(Reuters) – Memorabilia from boxing champion Muhammad Ali’s rise to sporting and cultural prominence, including a signed training robe and amateur boxing trophy, are expected to fetch tens of thousands of dollars in Los Angeles auction.
Julien’s Auctions said on Monday that it expects a signed white training robe, worn by Ali in November and December 1981 while he prepared for his final bout against Trevor Berbick, to sell for between $25,000 and $35,000 during a two-day auction starting May 31.
Ali, 71, shot to international recognition by winning the gold medal in the light heavyweight division at the Rome Olympics at age 18. He later won the world heavyweight championship in 1964 and became a socially conscious cultural icon by refusing to fight in the Vietnam War in the 1960s.
Also on offer from Ali’s early career is a “Most Outstanding Boxer” trophy from the 1960 American Athletic Union’s boxing championships, which is expected to sell for $20,000 to $30,000.
A signed commemorative torch from the 1960 Rome Summer Games is estimated to sell for between $25,000 and $35,000.

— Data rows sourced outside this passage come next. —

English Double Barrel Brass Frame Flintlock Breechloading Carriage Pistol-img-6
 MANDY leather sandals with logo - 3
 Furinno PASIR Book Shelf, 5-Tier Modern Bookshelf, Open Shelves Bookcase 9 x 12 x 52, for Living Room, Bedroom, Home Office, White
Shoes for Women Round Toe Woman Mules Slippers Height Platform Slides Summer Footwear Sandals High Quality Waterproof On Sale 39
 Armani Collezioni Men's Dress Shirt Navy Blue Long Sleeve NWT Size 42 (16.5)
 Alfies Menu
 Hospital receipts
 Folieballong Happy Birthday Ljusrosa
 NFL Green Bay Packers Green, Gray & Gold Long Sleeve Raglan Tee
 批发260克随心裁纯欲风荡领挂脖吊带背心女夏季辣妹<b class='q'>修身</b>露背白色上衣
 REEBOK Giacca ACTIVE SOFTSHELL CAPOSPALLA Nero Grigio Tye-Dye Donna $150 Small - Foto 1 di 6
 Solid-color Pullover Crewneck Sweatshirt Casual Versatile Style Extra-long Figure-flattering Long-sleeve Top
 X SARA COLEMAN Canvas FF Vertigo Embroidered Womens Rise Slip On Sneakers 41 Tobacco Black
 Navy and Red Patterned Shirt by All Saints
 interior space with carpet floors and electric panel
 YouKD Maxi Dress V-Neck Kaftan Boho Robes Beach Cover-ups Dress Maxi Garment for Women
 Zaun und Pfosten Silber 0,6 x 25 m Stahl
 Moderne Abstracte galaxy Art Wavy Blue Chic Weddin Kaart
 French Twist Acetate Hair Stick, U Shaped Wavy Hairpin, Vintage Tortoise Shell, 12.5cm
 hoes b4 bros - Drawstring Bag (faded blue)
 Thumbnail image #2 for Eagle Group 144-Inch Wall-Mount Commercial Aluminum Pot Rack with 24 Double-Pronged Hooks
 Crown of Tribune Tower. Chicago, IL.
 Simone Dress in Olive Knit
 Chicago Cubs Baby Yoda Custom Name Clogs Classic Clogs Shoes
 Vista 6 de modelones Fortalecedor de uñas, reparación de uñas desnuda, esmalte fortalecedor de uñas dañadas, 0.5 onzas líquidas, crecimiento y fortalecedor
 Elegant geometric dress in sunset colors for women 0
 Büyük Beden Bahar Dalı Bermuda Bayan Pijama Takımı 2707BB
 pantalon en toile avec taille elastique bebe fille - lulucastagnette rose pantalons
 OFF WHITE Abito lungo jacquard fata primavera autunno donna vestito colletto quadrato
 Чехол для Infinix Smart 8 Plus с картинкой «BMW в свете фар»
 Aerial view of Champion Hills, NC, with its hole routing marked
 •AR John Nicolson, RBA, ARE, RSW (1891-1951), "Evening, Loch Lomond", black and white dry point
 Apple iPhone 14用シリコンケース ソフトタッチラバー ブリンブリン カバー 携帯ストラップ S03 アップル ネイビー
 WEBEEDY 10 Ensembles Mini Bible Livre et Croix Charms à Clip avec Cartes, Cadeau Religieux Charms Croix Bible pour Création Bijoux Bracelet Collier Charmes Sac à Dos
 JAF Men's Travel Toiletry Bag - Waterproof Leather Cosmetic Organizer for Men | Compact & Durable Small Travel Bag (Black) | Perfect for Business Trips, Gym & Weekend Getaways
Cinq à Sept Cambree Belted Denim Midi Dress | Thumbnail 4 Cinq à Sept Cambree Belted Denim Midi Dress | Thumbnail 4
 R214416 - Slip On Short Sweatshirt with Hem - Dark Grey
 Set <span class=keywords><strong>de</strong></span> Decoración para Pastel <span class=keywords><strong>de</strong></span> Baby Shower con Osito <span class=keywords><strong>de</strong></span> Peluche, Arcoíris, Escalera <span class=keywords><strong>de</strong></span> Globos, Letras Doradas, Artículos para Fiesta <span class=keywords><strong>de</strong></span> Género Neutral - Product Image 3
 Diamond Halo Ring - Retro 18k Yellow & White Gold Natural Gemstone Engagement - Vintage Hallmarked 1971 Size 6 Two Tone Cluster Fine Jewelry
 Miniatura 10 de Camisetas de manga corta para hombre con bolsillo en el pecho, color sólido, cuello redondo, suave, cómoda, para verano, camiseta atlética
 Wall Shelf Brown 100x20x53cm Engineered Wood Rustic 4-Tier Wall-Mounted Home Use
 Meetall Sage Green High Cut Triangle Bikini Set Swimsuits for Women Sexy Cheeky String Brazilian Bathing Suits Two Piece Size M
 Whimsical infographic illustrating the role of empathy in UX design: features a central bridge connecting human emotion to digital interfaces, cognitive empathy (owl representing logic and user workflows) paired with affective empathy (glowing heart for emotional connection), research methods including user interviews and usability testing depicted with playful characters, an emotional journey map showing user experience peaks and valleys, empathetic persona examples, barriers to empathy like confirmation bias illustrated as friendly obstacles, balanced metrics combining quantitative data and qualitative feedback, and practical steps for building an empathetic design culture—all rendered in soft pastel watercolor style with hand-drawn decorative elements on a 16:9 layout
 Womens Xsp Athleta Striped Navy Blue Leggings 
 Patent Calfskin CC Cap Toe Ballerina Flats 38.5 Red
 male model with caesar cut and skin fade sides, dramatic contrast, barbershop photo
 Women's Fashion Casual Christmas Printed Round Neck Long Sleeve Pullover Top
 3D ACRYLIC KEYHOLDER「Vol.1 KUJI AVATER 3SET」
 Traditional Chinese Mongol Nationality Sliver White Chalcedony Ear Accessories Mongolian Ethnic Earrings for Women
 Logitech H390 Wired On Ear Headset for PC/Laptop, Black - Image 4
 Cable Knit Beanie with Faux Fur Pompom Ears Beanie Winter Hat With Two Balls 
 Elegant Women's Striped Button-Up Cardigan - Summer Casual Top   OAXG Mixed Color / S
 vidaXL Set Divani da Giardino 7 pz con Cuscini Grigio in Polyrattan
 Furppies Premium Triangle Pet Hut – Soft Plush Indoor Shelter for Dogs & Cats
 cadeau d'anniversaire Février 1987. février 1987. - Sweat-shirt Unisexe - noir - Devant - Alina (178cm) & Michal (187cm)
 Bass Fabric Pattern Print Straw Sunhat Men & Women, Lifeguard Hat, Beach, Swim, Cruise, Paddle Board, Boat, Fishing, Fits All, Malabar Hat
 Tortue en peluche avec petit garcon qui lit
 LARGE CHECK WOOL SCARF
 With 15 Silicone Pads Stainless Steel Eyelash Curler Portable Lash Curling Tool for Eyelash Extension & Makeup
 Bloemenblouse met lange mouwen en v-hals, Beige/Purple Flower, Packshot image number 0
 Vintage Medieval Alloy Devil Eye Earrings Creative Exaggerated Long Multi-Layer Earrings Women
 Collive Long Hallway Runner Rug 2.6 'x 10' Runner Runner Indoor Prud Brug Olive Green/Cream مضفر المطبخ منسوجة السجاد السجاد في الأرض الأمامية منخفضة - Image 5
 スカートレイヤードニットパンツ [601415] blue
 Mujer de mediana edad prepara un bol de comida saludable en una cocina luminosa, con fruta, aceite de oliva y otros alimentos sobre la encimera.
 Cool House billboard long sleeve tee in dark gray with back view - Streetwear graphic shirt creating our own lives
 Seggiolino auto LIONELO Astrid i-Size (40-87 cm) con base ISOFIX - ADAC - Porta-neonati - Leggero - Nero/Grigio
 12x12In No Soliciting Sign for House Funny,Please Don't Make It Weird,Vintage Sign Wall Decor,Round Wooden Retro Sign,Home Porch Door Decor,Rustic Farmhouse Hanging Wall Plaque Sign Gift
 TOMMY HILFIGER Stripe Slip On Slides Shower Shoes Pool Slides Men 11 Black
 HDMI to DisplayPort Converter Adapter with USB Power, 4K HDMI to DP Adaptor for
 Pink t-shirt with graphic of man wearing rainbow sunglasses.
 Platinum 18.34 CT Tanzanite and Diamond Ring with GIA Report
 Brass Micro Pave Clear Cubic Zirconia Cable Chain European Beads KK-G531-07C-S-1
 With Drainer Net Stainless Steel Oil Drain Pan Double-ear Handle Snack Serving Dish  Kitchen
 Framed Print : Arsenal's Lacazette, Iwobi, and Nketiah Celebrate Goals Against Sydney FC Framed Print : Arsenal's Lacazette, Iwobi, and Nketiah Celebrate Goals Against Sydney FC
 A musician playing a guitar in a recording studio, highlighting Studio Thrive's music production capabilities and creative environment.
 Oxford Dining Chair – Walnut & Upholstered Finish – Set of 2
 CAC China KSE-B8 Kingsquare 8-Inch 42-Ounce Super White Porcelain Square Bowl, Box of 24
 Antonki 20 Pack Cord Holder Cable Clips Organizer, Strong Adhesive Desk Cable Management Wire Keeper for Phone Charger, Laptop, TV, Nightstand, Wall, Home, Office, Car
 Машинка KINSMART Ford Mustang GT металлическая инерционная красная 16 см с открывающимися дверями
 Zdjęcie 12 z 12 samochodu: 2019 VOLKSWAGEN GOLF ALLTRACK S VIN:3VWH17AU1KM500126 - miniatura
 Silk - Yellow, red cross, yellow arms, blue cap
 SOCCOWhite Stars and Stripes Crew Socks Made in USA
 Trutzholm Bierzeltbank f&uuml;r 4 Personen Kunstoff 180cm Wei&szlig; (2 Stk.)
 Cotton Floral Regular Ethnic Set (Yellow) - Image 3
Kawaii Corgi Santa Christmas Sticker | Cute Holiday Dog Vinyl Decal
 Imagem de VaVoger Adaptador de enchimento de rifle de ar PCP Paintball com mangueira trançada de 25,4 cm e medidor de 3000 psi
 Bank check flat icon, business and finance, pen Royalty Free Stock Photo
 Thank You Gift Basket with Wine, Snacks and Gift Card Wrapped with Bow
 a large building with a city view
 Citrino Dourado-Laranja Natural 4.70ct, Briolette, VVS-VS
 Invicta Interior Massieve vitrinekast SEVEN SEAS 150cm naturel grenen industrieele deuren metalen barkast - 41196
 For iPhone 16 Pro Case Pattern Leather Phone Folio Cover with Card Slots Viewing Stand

The loquacious boxer signed the torch’s light blue cannister as Cassius Clay, his birth name and Muhammad Ali, the name he adopted in 1964 after joining the Nation of Islam.
The items are from the collection of Harlan Werner, a longtime memorabilia dealer and former agent for the Ali family.
Other Ali items up for auction are autographed boxing trunks, globes and photos of the boxer with other American sports heroes, including long-time boxing rival Joe Frazier, baseball Hall of Famer Joe DiMaggio and basketball star Magic Johnson.
Other notable items in the auction include a baseball signed by Hall of Fame players Babe Ruth and Lou Gehrig ($8,000-$10,000), and a signed match-used cricket bat of Indian Sachin Tendulkar ($8,000-$10,000).